October 2020 Capital Markets Bulletin 6 minute read

The Canadian Securities Administrators (the “CSA”) recently proposed amendments (the “Proposed Amendments”) to the offering memorandum exemption (the “OM Exemption”) in National Instrument 45-106 Prospectus Exemptions (the “NI 45-106”) and the Companion Policy to NI 45-106 (the “Companion Policy”). The Proposed Amendments require enhanced disclosure for issuers engaged in “real estate activities” and issuers considered “collective investment vehicles,” both new definitions under the Proposed Amendments as well as making several general amendments designed to clarify or streamline particular aspects of NI 45-106.  The Proposed Amendments partially result from findings by the CSA that the use of the OM Exemption had evolved from its original design expectations. The comment period for the Proposed Amendments closes on December 16, 2020.

Background

The OM Exemption was initially intended to be a financing tool for small and early stage businesses to raise capital without having to resort to the more costly and onerous prospectus regime.  It permits issuers to distribute securities to investors who may or may not qualify as “eligible investors” and, in most jurisdictions affects the amount an investor may purchase, without having to prepare and file a prospectus provided that they use the form of offering memorandum prescribed in Form 45-106F2 – Offering Memorandum for Non-Qualifying Issuers (the “OM Form”).  An eligible investor is a broader category of investor than the accredited investor category thereby providing issuers with access to a broader pool of capital when they are seeking funding.
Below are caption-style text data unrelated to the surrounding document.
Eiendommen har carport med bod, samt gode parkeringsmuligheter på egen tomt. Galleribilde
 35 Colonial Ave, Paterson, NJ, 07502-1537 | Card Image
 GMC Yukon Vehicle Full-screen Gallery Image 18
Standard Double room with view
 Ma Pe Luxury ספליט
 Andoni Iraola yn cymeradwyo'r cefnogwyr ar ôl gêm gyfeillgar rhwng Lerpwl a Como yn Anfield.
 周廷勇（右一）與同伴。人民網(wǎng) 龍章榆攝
As a result of data obtained from the review of reports of exempt distributions filed by issuers using the OM Exemption in 2017, the CSA determined that: (i) issuers with assets of more than $100 million account for almost 40% of the use of the exemption; (ii) 17% of issuers reported their industry as “real estate”; and (iii) approximately 43% of issuers relying on the exemption may be considered, depending on their investment objectives and purpose, to be a “collective investment vehicle.”  If adopted, the Proposed Amendments would directly impact at least half of issuers currently relying on the OM Exemption.  The CSA further observed as a result of regular compliance reviews that issuers may be unclear as to what disclosure is required under the current OM Form with a view to providing investors with sufficient information to make an investment decision. The Proposed Amendments are intended to assist investors and issuers by clarifying and tailoring the OM Form disclosure requirements for specific types of issuers.

The Proposed Amendments will not impact issuers that utilize offering memoranda in connection with the private placement of securities in reliance on other exemptions from the prospectus requirement under applicable securities laws, such as the “accredited investor” exemption, as there is no prescribed form of offering memorandum for these types of offerings.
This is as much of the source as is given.